START Given data

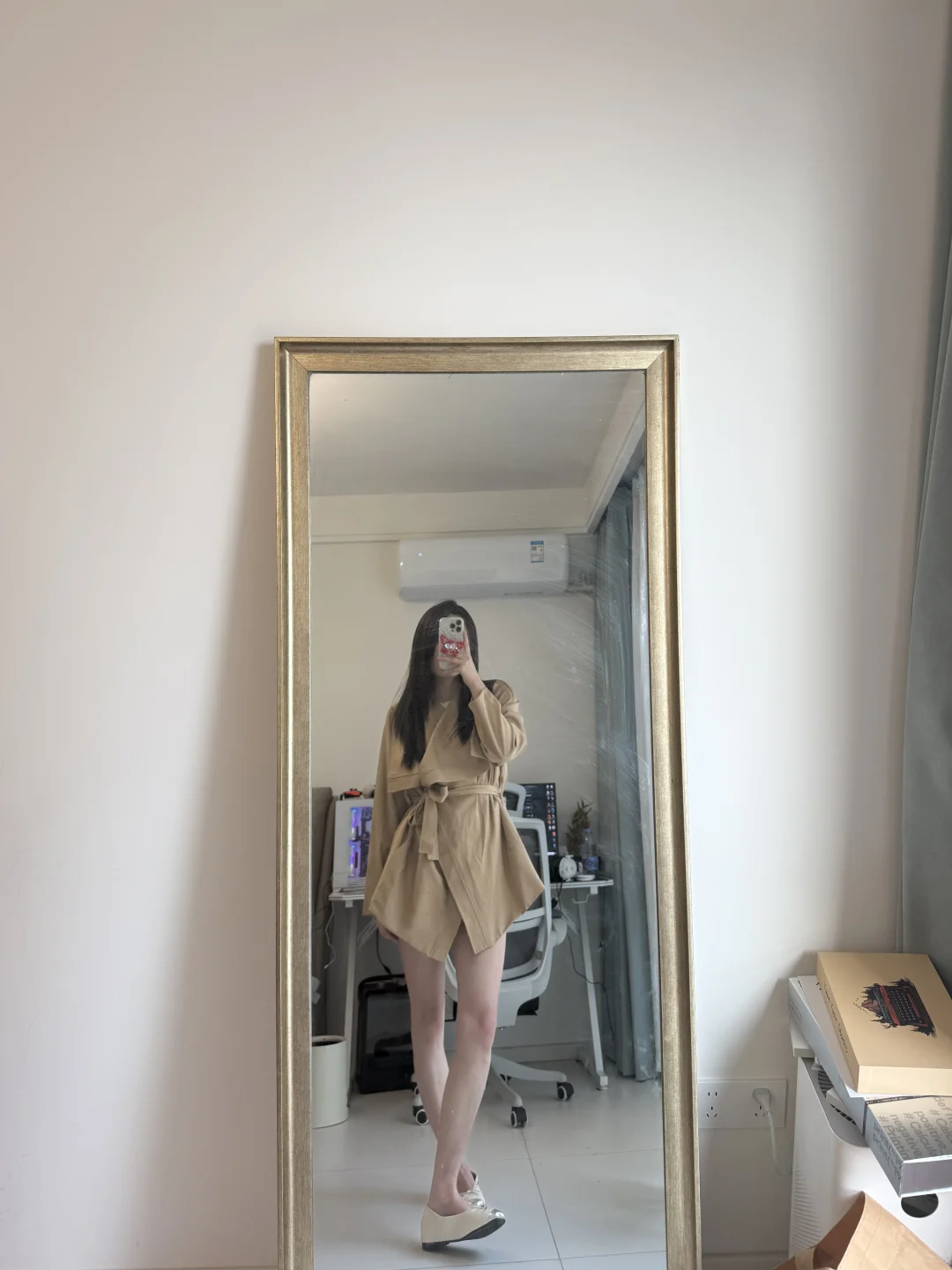 想给你一脚又怕你舔我脚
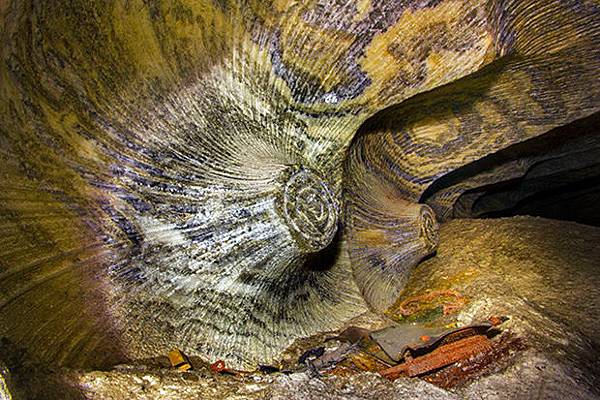 mikhail-mishainik-russian-salt-mines-5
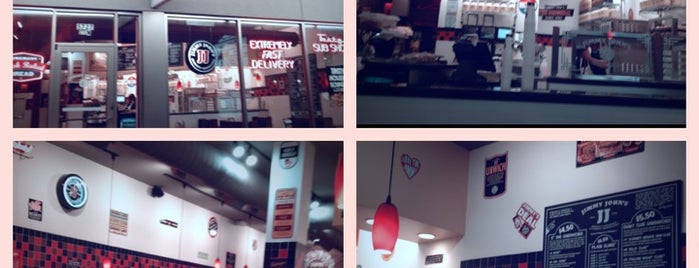 Jimmy John's is one of Lugares favoritos de Charlie.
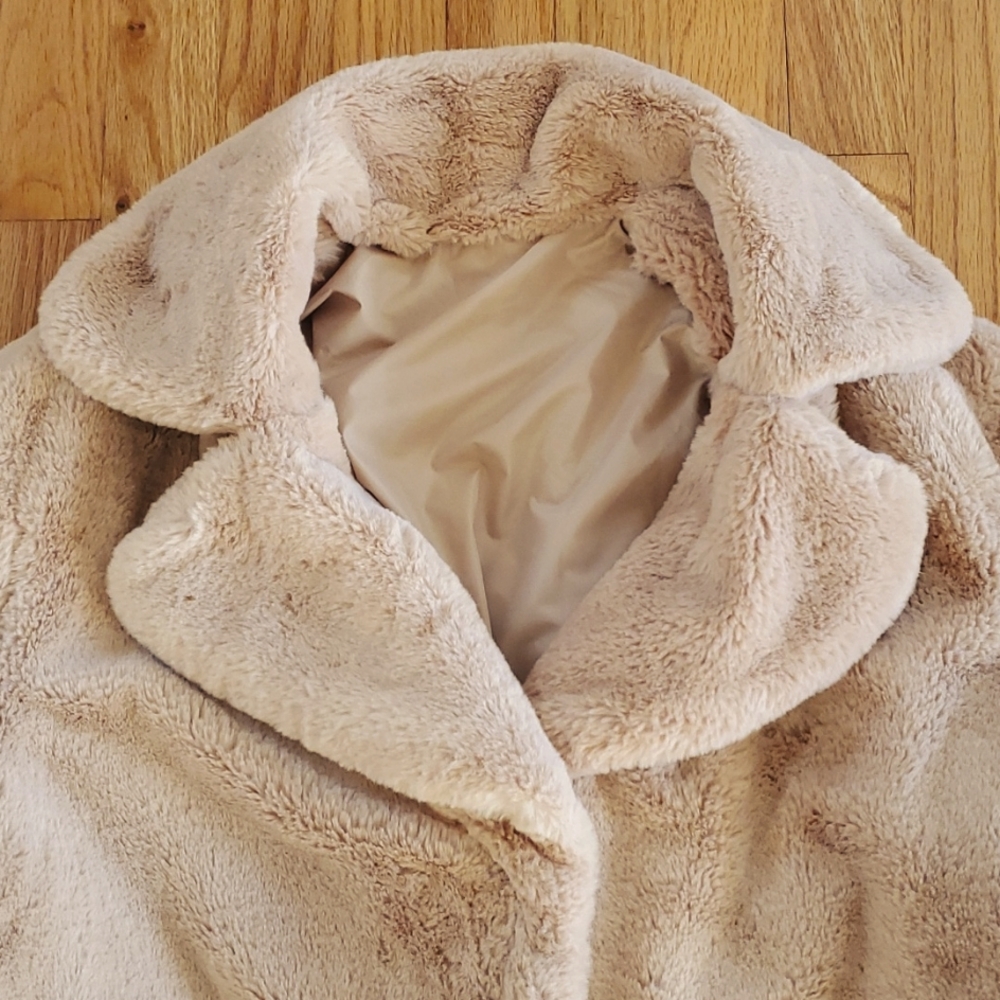 Reversible beige faux fur coat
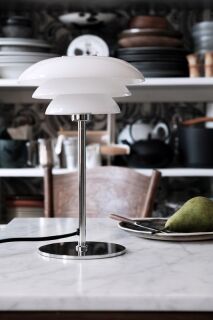 Dyberg Larsen DL20 Tischleuchte opal chrom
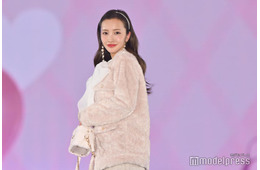 板野友美、ミニ丈×ロングブーツ姿で美脚際立つ 大人のガーリースタイルで登場【ガルアワ2025AW】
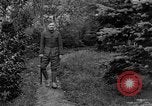Standbild Unter Granatenschock stehende alliierte Soldaten Frankreich, 1918, aus Sekunde 32 historischem Filmmaterial Videoclip 65675042429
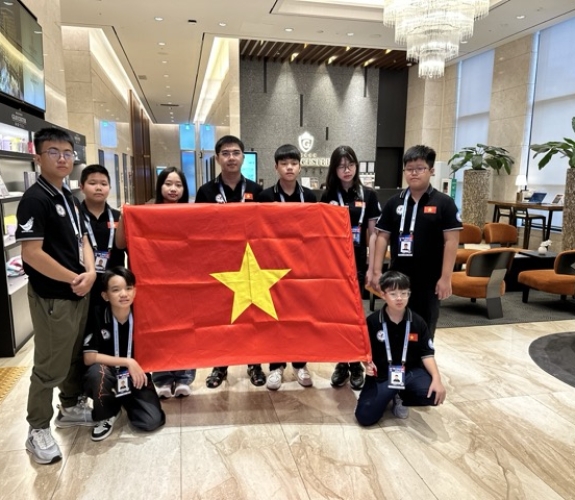 Học Drone cho học sinh: Khám Phá Thế Giới Bay Không Người Lái An Toàn Và Hấp Dẫn Tại Drone Soccer Việt Nam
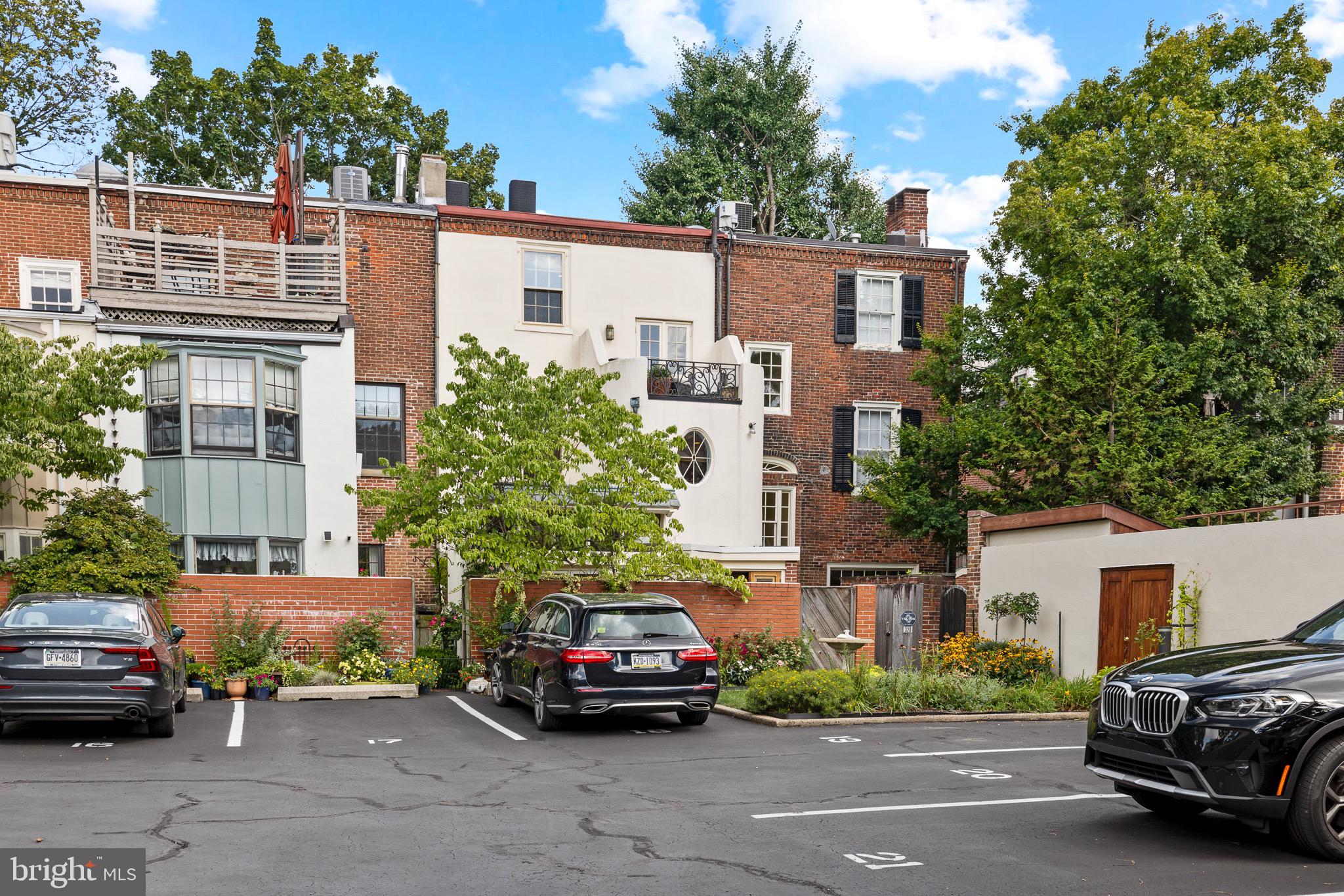 CENTER CITY - Residential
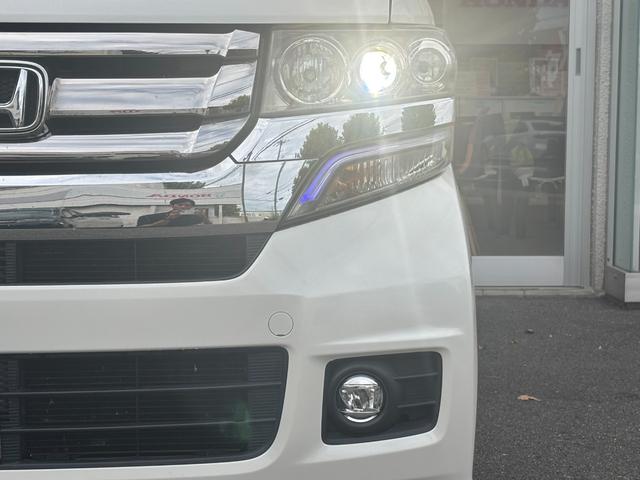 Ｎ－ＢＯＸカスタム Ｇ・ターボＬパッケージ　純正ナビ　ワンセグＴＶ　Ｂカメラ　ＥＴＣ　ナビ装着用スペシャルＰＫＧ　ＨＩＤ　両電動スライドドア　純正１５インチＡＷ　ロールサンシェード　スマートキー（18枚目）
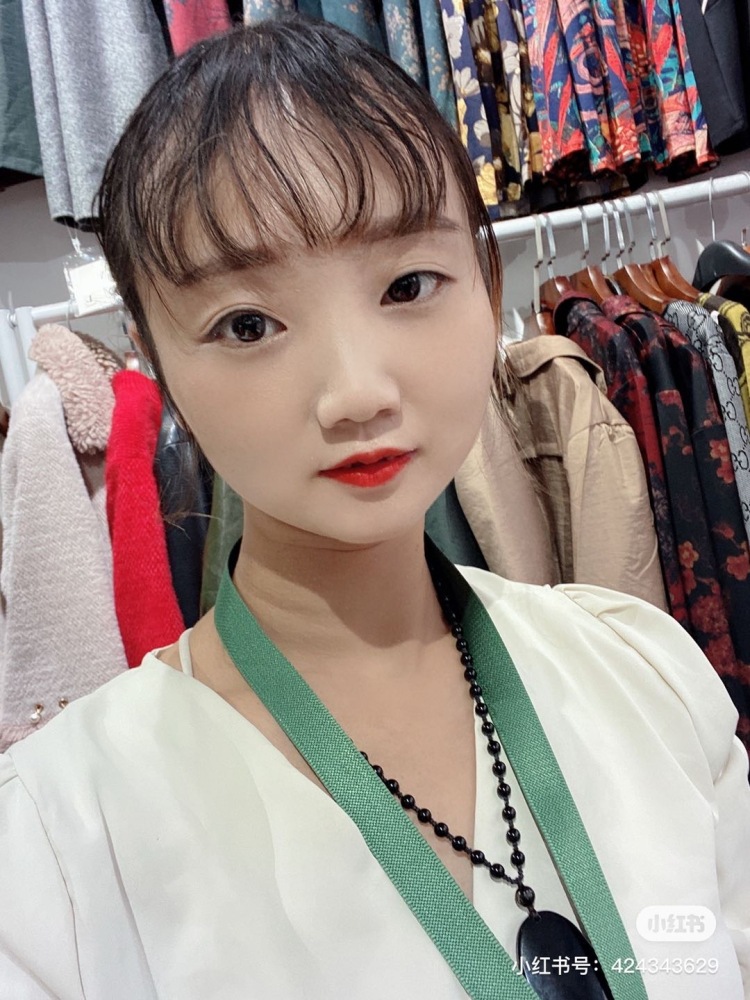 😈😈佛系少女丶-山东省·济宁市·任城区--喜欢拍照,喜欢自由的拍照,自己享受拍买家秀的感觉,一直都不错,三钻,尽量出图,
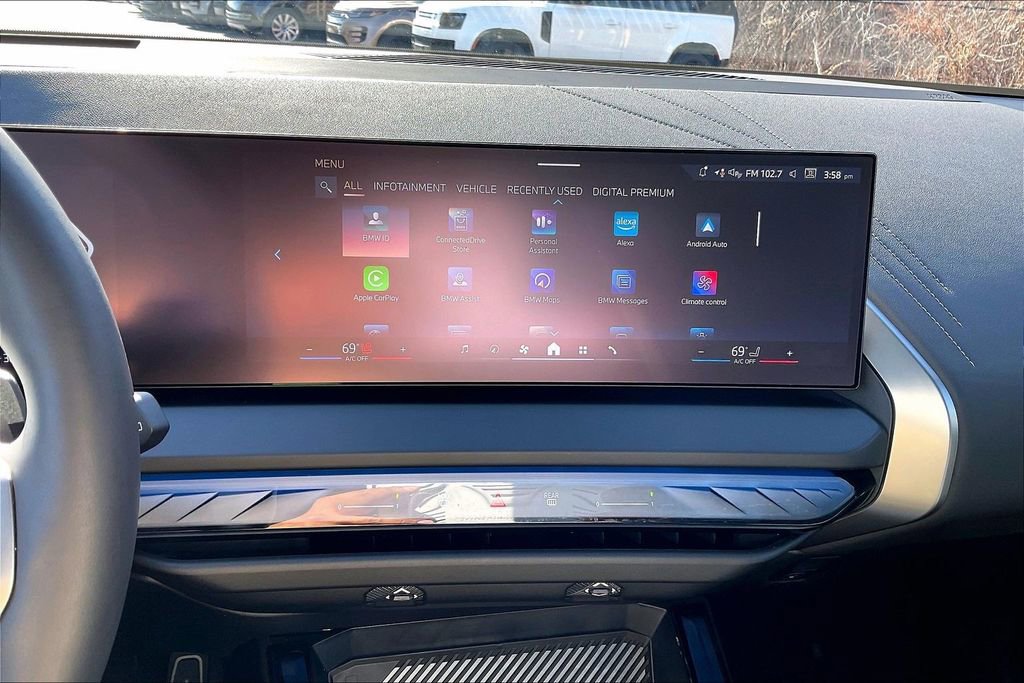 Used 2025 BMW X3 xDrive30i image 15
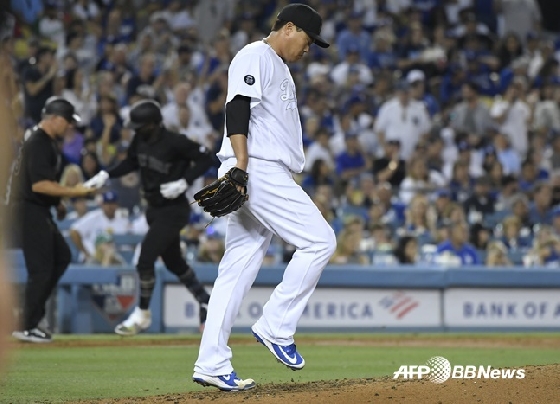 류현진이 양키스전 5회 디디 그레고리우스에게 만루홈런을 허용한 뒤 고개를 숙이고 있다. /AFPBBNews=뉴스1
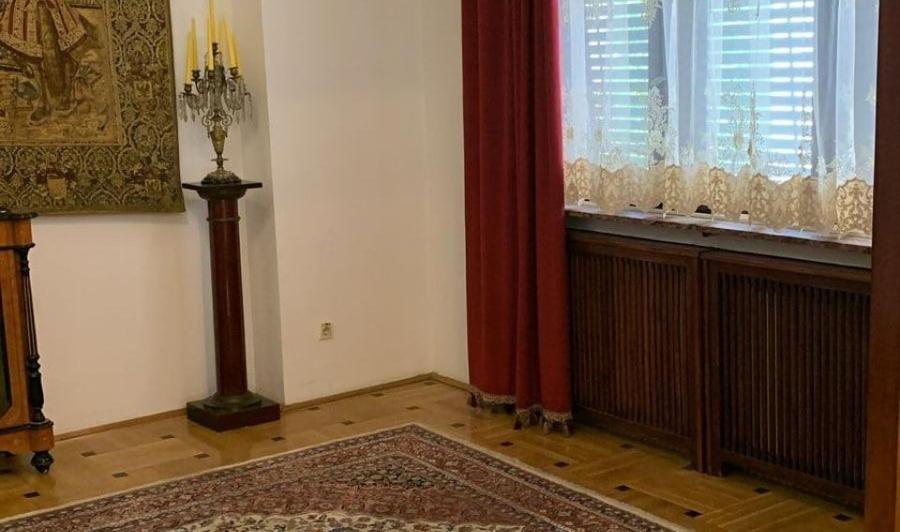 Casă cu 9 camere cu Garaj în Universitate
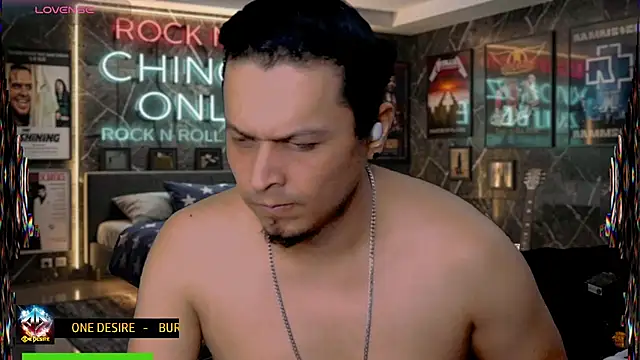 chino_roz webcam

END Given data

**What is being asked**
Copy the data in full. No pictures belong in the copy.

**Response**
 想给你一脚又怕你舔我脚
 mikhail-mishainik-russian-salt-mines-5
 Jimmy John's is one of Lugares favoritos de Charlie.
 Reversible beige faux fur coat
 Dyberg Larsen DL20 Tischleuchte opal chrom
 板野友美、ミニ丈×ロングブーツ姿で美脚際立つ 大人のガーリースタイルで登場【ガルアワ2025AW】
Standbild Unter Granatenschock stehende alliierte Soldaten Frankreich, 1918, aus Sekunde 32 historischem Filmmaterial Videoclip 65675042429
 Học Drone cho học sinh: Khám Phá Thế Giới Bay Không Người Lái An Toàn Và Hấp Dẫn Tại Drone Soccer Việt Nam
 CENTER CITY - Residential
 Ｎ－ＢＯＸカスタム Ｇ・ターボＬパッケージ　純正ナビ　ワンセグＴＶ　Ｂカメラ　ＥＴＣ　ナビ装着用スペシャルＰＫＧ　ＨＩＤ　両電動スライドドア　純正１５インチＡＷ　ロールサンシェード　スマートキー（18枚目）
 😈😈佛系少女丶-山东省·济宁市·任城区--喜欢拍照,喜欢自由的拍照,自己享受拍买家秀的感觉,一直都不错,三钻,尽量出图,
 Used 2025 BMW X3 xDrive30i image 15
 류현진이 양키스전 5회 디디 그레고리우스에게 만루홈런을 허용한 뒤 고개를 숙이고 있다. /AFPBBNews=뉴스1
 Casă cu 9 camere cu Garaj în Universitate
 chino_roz webcam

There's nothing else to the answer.